In late 1401, Timur returned to the Caucasus. George VII had to sue for peace, and sent his brother with the contributions. Timur was preparing for a major confrontation with the Ottoman dynasty and apparently wished to freeze the currently prevailing situation in Georgia until he could return to deal with it more decisively. Thus, he made peace with George on condition that the king of Georgia supplied him with troops and granted the Muslims special privileges. [Sicker, Martin (2000), "The Islamic World in Ascendancy: From the Arab Conquests to the Siege of Vienna", p. 155. Praeger, ISBN 0275968928.] Yet, the amir undertook some preventive measures and attacked the Georgian garrison of Tortumi, demolishing the citadel and looting the surrounding area. Once the Ottomans were defeated, Timur, back to Erzurum in 1402, decided to punish the king of Georgia for not having come to present his congratulations on his victory.
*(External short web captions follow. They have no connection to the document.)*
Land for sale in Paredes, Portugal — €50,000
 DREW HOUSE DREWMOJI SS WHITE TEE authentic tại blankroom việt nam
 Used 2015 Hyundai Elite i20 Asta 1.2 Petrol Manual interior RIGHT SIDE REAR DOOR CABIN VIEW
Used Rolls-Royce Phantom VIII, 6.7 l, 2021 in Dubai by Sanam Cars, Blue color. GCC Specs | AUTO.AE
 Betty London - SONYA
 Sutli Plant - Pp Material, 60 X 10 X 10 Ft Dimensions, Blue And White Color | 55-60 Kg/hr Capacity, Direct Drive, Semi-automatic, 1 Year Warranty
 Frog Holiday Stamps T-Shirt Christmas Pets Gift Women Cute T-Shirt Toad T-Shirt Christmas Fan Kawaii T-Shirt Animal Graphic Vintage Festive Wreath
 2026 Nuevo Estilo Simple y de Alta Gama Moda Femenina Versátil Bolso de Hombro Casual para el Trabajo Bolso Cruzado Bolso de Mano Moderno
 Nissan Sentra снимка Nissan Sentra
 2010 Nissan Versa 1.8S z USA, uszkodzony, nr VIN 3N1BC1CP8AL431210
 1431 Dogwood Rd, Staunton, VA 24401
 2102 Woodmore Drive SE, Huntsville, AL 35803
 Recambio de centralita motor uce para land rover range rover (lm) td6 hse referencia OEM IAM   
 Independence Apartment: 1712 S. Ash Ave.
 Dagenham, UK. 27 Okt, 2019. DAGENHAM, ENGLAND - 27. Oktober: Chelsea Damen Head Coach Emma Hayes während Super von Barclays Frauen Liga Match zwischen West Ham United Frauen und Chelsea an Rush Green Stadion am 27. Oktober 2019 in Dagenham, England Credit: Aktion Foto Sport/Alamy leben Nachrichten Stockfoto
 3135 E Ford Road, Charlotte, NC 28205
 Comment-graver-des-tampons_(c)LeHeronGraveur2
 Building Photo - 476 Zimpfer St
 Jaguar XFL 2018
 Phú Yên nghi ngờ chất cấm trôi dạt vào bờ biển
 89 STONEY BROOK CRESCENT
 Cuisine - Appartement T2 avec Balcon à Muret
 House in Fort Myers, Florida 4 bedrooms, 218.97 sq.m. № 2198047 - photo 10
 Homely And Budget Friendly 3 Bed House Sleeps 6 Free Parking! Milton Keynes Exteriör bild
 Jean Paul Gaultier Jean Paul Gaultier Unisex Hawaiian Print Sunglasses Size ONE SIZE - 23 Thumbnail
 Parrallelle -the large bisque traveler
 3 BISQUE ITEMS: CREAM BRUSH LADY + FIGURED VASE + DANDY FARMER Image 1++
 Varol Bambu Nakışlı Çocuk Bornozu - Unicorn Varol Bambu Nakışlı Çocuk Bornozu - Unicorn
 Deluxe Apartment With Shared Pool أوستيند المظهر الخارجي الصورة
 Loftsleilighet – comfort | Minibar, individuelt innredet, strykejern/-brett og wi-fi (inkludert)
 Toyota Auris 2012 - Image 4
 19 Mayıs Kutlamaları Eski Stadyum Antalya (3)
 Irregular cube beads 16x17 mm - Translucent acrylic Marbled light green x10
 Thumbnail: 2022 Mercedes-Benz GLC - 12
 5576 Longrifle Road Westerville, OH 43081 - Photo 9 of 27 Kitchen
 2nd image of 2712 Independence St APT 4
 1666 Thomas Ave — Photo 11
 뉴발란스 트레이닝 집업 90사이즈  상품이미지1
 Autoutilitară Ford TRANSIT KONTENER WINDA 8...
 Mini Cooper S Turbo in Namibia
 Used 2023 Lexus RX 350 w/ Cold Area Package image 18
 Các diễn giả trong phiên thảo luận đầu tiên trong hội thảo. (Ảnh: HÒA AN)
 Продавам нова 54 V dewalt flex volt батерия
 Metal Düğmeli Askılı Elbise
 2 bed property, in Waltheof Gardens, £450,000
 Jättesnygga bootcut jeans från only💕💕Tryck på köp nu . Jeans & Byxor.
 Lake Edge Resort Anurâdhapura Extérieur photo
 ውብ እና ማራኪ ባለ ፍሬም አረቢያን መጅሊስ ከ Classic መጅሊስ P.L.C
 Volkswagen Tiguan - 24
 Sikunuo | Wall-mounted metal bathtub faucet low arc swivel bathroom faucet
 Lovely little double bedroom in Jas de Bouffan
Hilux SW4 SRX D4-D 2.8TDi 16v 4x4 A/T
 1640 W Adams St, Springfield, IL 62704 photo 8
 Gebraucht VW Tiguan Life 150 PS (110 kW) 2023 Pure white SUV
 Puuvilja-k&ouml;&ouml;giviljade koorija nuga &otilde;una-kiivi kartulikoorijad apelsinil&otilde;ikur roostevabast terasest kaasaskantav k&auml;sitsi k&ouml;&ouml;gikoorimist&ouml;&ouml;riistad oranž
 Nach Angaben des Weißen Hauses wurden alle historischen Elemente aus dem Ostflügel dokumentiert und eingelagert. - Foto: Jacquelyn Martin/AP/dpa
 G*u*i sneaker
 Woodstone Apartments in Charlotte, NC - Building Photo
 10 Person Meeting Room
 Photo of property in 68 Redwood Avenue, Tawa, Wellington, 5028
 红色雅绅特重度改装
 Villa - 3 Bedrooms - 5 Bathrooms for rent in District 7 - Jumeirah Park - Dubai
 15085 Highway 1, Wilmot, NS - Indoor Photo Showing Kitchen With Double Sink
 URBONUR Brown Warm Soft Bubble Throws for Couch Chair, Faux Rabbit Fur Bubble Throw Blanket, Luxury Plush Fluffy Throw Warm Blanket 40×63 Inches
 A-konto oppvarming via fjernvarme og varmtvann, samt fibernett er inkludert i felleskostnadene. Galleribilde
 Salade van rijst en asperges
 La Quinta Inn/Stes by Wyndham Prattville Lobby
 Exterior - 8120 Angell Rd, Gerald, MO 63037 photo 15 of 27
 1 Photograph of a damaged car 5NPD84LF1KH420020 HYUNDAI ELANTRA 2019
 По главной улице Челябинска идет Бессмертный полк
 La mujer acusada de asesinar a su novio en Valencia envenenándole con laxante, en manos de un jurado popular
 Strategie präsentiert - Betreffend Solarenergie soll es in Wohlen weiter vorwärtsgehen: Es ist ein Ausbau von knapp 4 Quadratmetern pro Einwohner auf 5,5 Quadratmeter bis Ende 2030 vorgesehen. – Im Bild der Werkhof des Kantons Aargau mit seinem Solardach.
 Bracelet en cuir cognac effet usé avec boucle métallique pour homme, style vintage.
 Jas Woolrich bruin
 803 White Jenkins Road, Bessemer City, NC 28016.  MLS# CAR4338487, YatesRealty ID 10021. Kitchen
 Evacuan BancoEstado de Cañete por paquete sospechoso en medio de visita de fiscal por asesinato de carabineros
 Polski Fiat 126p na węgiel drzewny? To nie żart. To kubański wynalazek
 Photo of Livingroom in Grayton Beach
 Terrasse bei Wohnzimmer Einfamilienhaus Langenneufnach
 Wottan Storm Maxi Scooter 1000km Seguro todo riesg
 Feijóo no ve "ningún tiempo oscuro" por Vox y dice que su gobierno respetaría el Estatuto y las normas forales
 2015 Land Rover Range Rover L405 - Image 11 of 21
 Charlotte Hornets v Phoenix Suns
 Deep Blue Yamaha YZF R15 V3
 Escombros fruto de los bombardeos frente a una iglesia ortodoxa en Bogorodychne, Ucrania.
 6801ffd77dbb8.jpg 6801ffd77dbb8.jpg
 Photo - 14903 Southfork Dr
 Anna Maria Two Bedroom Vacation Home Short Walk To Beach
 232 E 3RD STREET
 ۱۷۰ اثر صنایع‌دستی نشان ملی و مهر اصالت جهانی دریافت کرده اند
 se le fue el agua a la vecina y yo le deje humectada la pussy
George VII’s brother, Constantine, who was then on bad terms with his brother, arrived with gifts as did the king’s defiant vassal Iwane Jaqeli, prince of Samtskhe. Sheikh Ibrahim I of Shirvan went to estimate the revenues and expenses of Georgia. George sent new presents but Timur refused them and summoned George to appear in person. In the meantime, he himself laid siege to the impregnable fortress of Birtvisi fiercely defended by a tiny Georgian garrison. Having captured the fortress in August 1403, Timur sent his army to plunder the frontier regions of Georgia and set out in pursuit of the retreating king George VII as far as Abkhazia. The historian of Timur reports that 700 towns and villages were destroyed and their inhabitants massacred. [Grousset, René (1970), The Empire of the Steppes: A History of Central Asia, pp. 433-4. Rutgers University Press, ISBN 0813513049.]

Timur only stopped his army when the ulema and the mufti decided it was possible to grant the king of Georgia clemency ("aman"). George VII had to pay a huge tribute including 1,000 tankas of gold struck in the name of Timur, 1,000 horses, a ruby weighing 18 mithkals, etc. Timur then passed through Tbilisi, destroying the monasteries and churches on his way, and went to Beylagan early in 1404. All the territories from Beylagan to Trebizond were officially given by Timur as an appanage to his grandson Khalil Mirza. Timur then left the Caucasus and headed for Central Asia where he died on February 19, 1405.